Because the Organization has not proven that there is a transaction which caused the problems here, the Carrier urges that the claim should be denied.
This is a case involving the furlough of seventeen (17) carmen at the Portsmouth, Ohio terminal. The employees are covered by the provisions of a New York Dock protective agreement, as a result of a coordination between the Norfolk and Western Railway Company, and the Southern Railway Company, now known as the Norfolk Southern Railway Company.
Apparently, the coordination between the two railroads was not an outright merger. The two railroads are held by a common holding company, but have coordinated many of their functions at the ten or eleven locations they shared in common prior to the coordination.
The Organization contends that the carmen in question were furloughed as a result of a "transaction" which occurred as part of the overall coordination between the two railroads. There is no dispute between the Parties that the employees were furloughed as a result of the transfer of certain blocking and inspecting work out of the Portsmouth, Ohio yards. The only dispute is whether the
8 transfer of that work triggered the protections of the New York Dock agreement.

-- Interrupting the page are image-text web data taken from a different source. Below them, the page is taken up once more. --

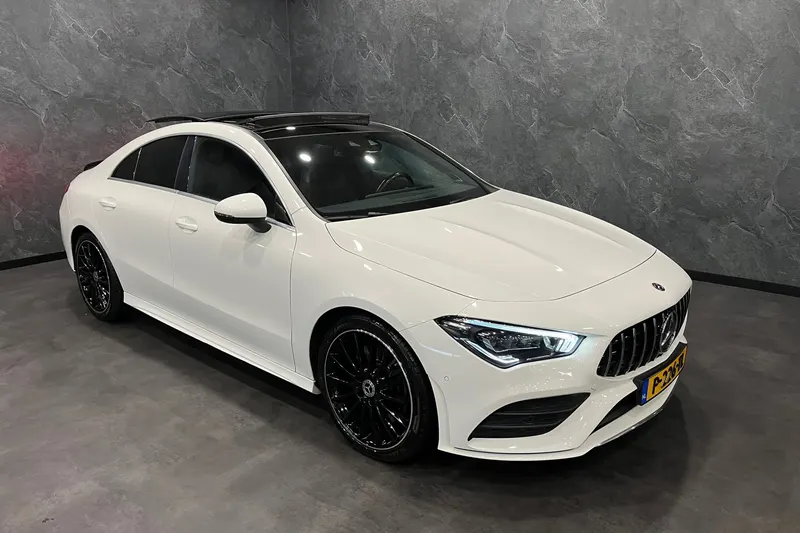 Mercedes-Benz CLA-Klasse (2019)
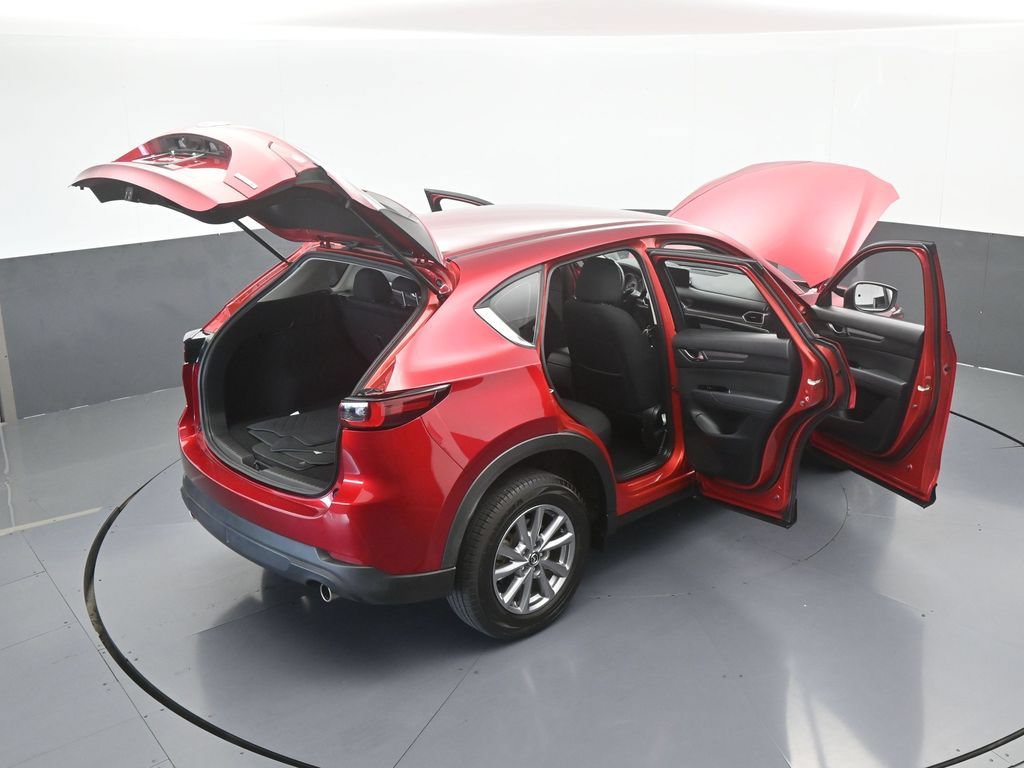 Used 2023 MAZDA CX-5 AWD 2.5 S image 63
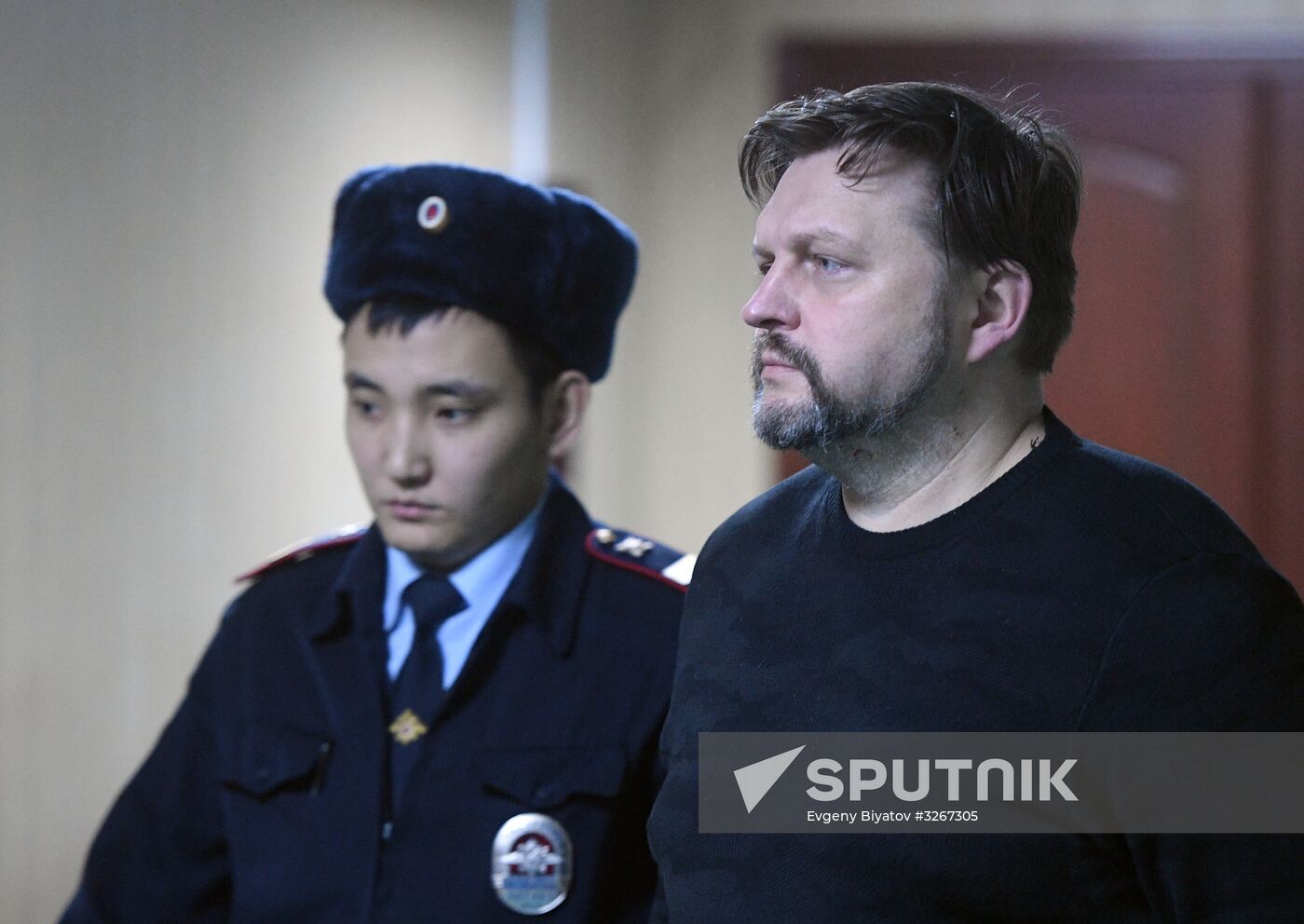 Court hears Nikita Belykh's case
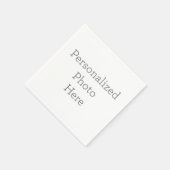 紙ナプキン, スタンダードカクテル (角)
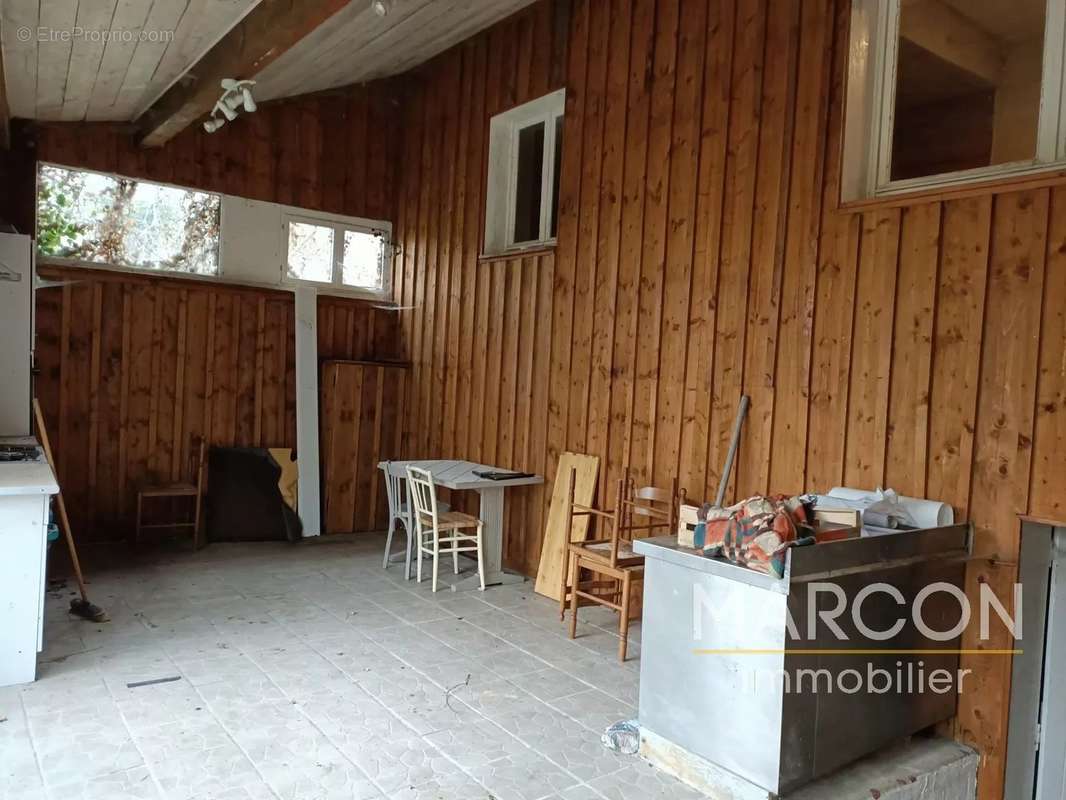 Maison à LA VILLENEUVE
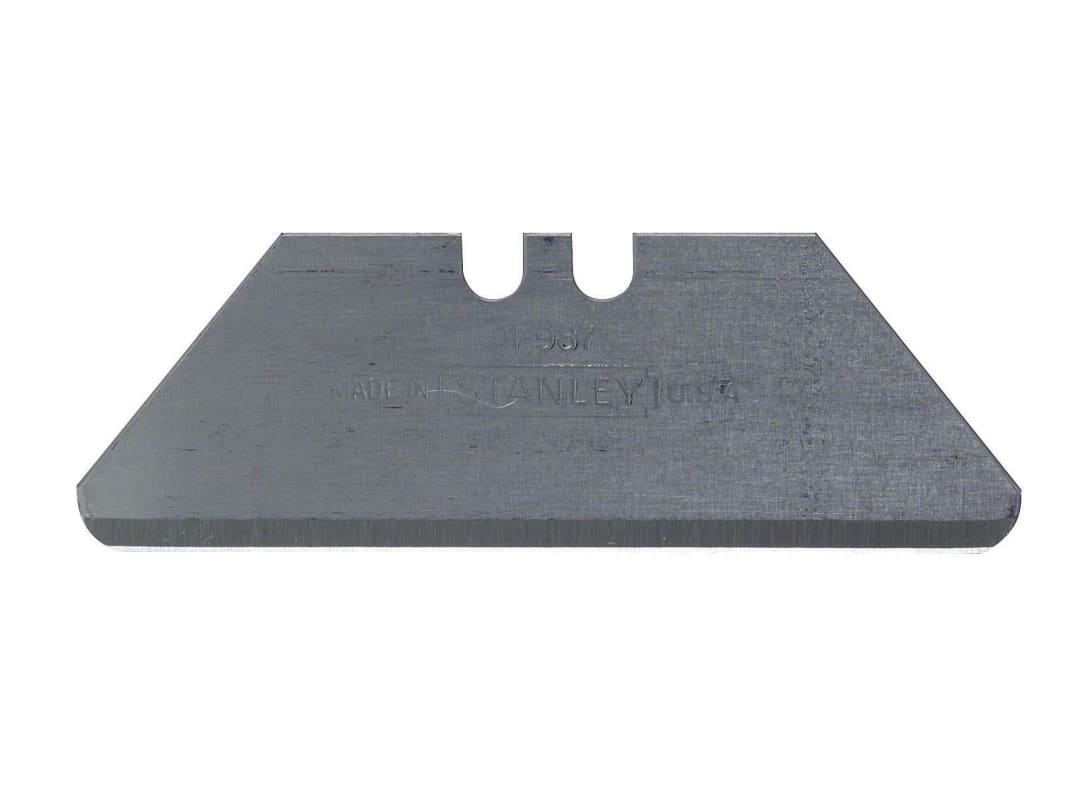 STANLEY® Hand Tools 1992B Safety Blades For Springback Knife (Pack 10) 2-11-987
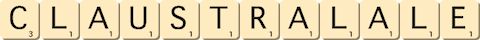 claustral--ale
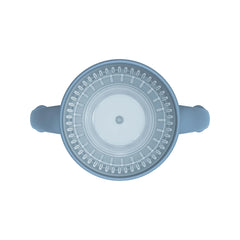 Vaso de Transición Antiderrame 7oz Azul Dr. Browns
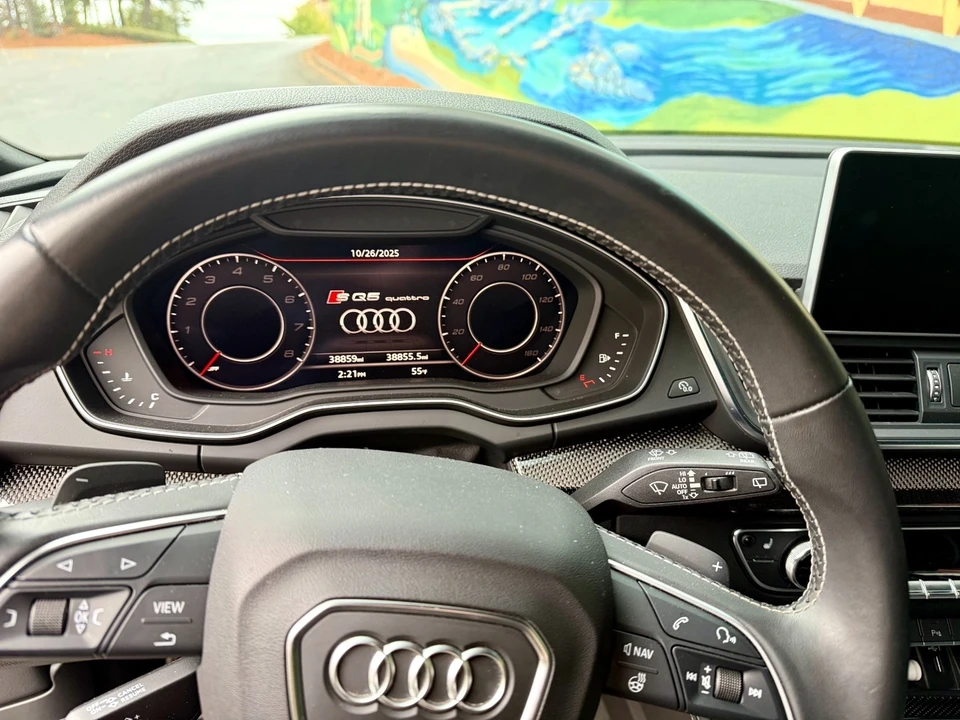2020 Audi FY SQ5 - Image 12 of 18
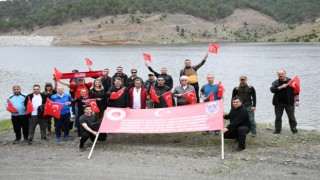 Adalet teşkilatı Gençlik Yürüyüşünde buluştu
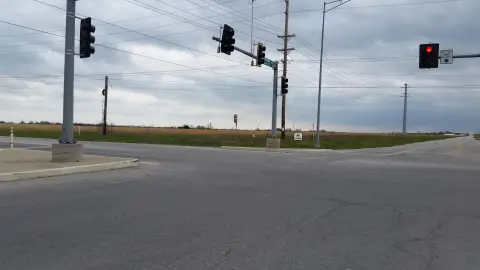 Prime Commercial/Industrial Corner Lot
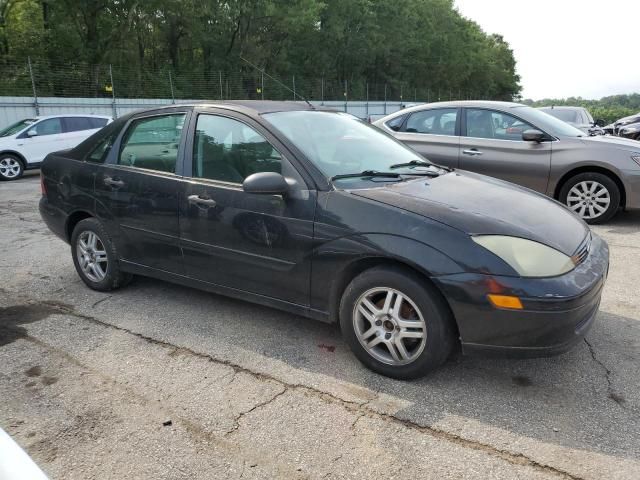 2003 Ford Focus SE Comfort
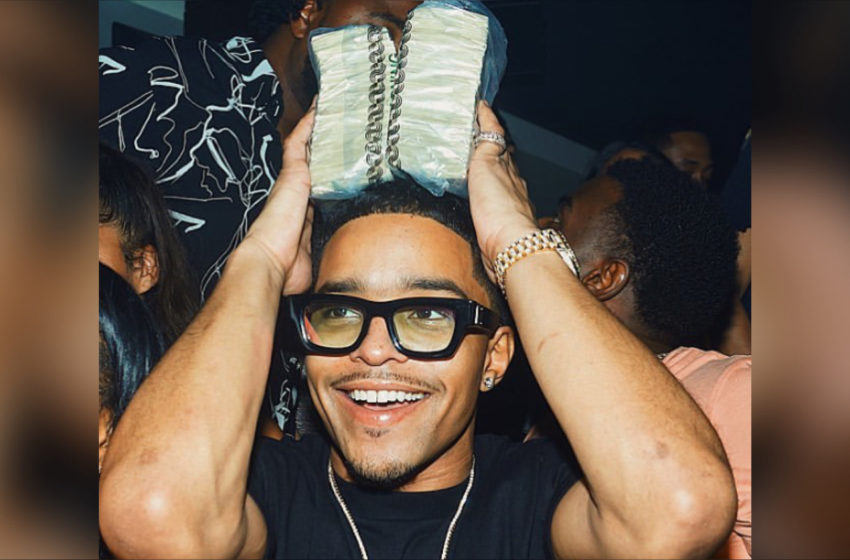  Justin Combs & Friend’s Virtual Strip Club Is Helping Pay Strippers Bills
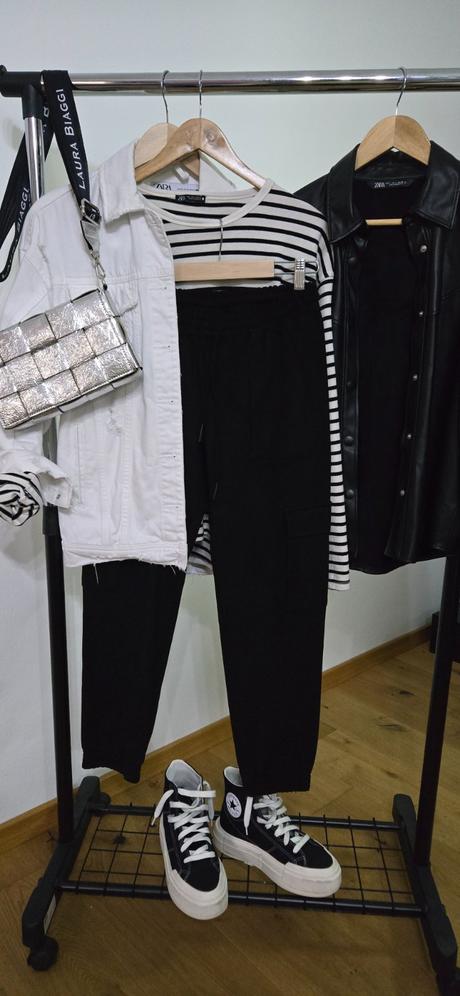 Nohavice zara, zara,s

The New York Dock conditions provide certain benefits for employees who are "displaced, " i.e. placed in a worse position with respect to his compensation or work rules, or "dismissed;" i.e. loses his job, as a result of a transaction. A transaction is defined rather nebulously as "any action taken pursuant to authorizations of this Commission on which these provisions have been imposed."
The gravamen of this dispute is whether the action taken by the Carrier constitutes a "transaction" for purpose of the New York Dock Agreement. If it does constitute such a transaction, then the claimants are entitled to protection; if not, then no such protection is due.
The Carrier relies on Section 11(e) of the New York Dock provisions, which sets out the burden of proof in disputes over whether an employee was in fact affected by a transaction. That section states that it shall be the employee's obligation to identify the transaction and specify the pertinent facts of the transaction relied upon. Once the Organization has met this initial burden, the burden then shifts to the Carrier to show that factors other than the transaction affected the employee.
The Carrier asserts that the Organization has not met its threshold burden in this case. In particular, the Carrier argues that the reduction of forces which affected the employees at Portsmouth in July, 1989 was simply a change in internal operations
9 of the Norfolk and Western Railroad and had nothing to do with the coordination between it and the Southern Railway Company.
The Carrier argues that the change came about because it determined that the blocking operation at Portsmouth was delaying too many trains. The Carrier asserts that it conducted a study which demonstrated this fact, and the organization has not suggested that this is not true.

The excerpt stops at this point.